Statoil ASA, (STO) is a company we may soon be hearing much more about in the future. Statoil is a major oil and gas company based in Norway. Oil stocks are capturing the interests of many investors who are positioning themselves to benefit from rising oil prices, shield their portfolios from the effects of inflation and the loose money policies coming from a number of central banks.
As governments print money to cure debt woes, investors are seeking hard assets to buy like oil and gold stocks. While most people are familiar with the major oil companies based in the U.S., Statoil is worth getting to know better because it is large enough to make massive new oil finds, and yet small enough to grow rapidly. Here are 5 reasons to consider Statoil as an investment:
- Mad Money's Jim Cramer recently gave Statoil shares a buy rating. When Cramer says buy, many people listen and stocks favored by Jim Cramer are often discussed on his show repeatedly over time. Cramer thinks that Statoil has an impressive track record and he believes the company has many positive catalysts on the horizon. Cramer is not the only one taking notice, on March 9, Deutsche Bank upgraded Statoil to a buy rating as well.
- With a yield of about 3.3%, the dividend offered by Statoil is one of the highest available in the oil sector. Furthermore, since this stock has earnings power of nearly $3 per share and with the annual dividend payment below $1 per share, there is plenty of room for dividend increases in the future. Investors need to consider the current yield as well as the potential for dividend growth, and Statoil offers both.
- According to data from Yahoo Finance,Statoil has very significant reserves: Statoil had proved reserves of 2,124 million barrels of oil, as well as 509 billion cubic meters of natural gas, corresponding to aggregate proved reserves of 5,325 million barrels-of-oil equivalent. Statoil also operates over 2,200 fuel stations.
- Statoil has significant growth potential for many years thanks to a massive oil and gas discovery in the Barents Sea. Statoil is a 50% partner in this project and the estimated oil reserves are over 500 million barrels. Statoil plans to do additional drilling in the area, so the reserve potential could continue to grow. With this level of opportunity in the Barents Sea, plus additional projects worldwide, Statoil is poised for growth for many years to come.
- Statoil has been reporting solid earnings: Fourth-quarter 2011 earnings came in at 79 cents per share which compares favorably to the same quarter in 2010, which was 58 cents per share. For full-year 2011, earnings were $2.84 per share. With a record of beating estimates recently, the earnings estimates from Yahoo Finance (shown below) appear too low. The bar appears to be set low, and Statoil looks positioned to continue outperforming most oil stocks.
Oil seems to be poised for a secular uptrend, and Statoil appears ready to take advantage of it for many years to come. The stock should be considered on any pullbacks, especially between $25 to $27 per share, where it appears to have strong support.

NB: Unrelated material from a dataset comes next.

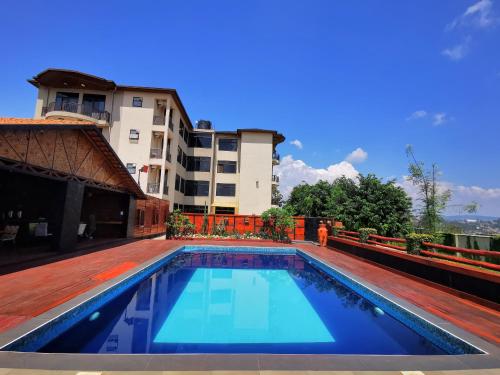a swimming pool on the roof of a building at Peponi Living Spaces in Kigali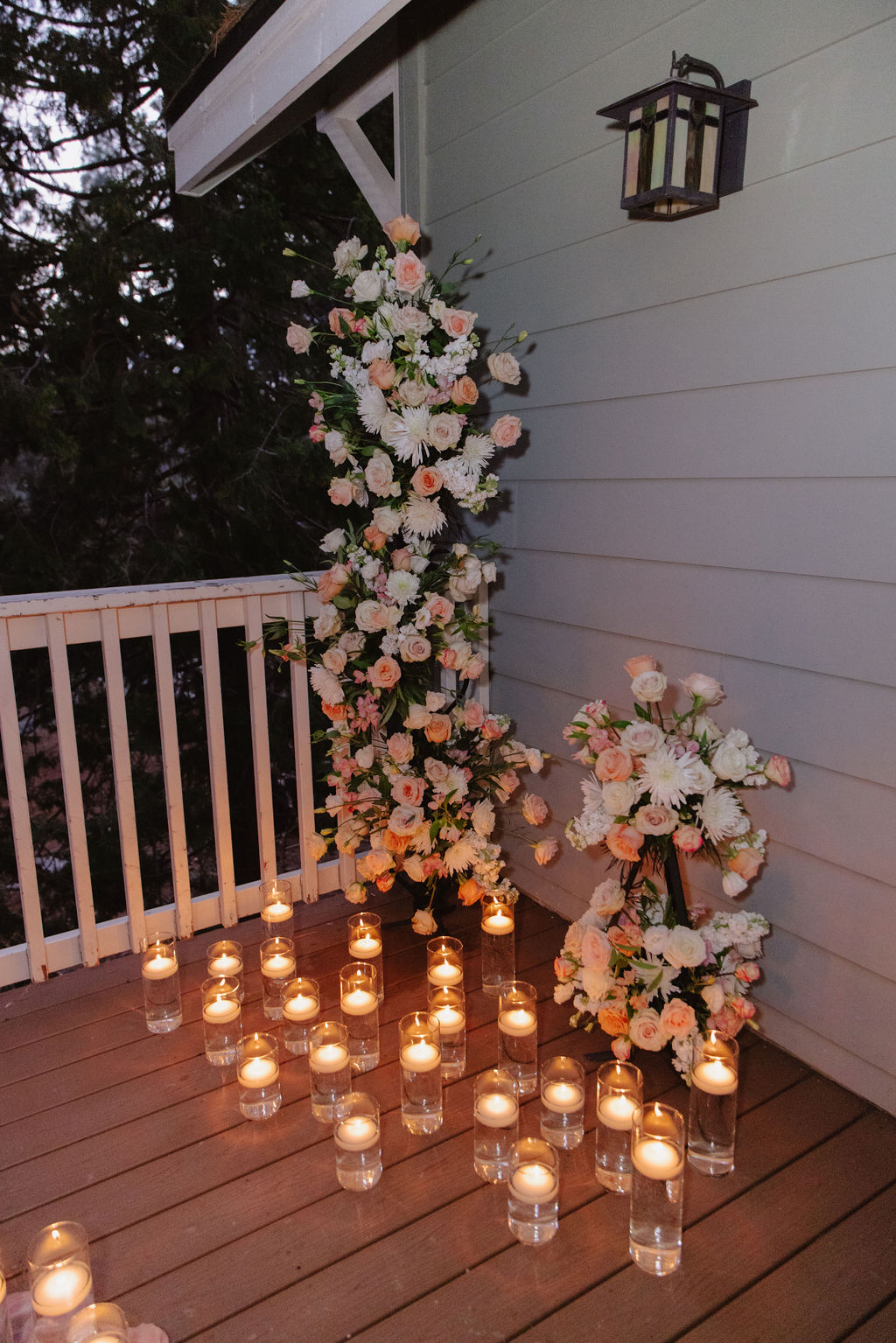 A picnic table on a wooden deck is decorated with flowers, candles, and a pink tablecloth, surrounded by trees and additional candles on the ground.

Here are some key points for STO:
- Current share price: $27.46
- The 52 week range is $20.12 to $29.67
- Earnings estimates for 2012: $2.80 per share
- Earnings estimates for 2012: $2.83 per share
- Annual dividend: 94 cents per share which yields 3.3%
Data is sourced from Yahoo Finance.
Disclaimer: No guarantees or representations are made. Hawkinvest is not a registered investment advisor and does not provide specific investment advice. The information is for informational purposes only. You should always consult a financial advisor.
Disclosure: I have no positions in any stocks mentioned, and no plans to initiate any positions within the next 72 hours.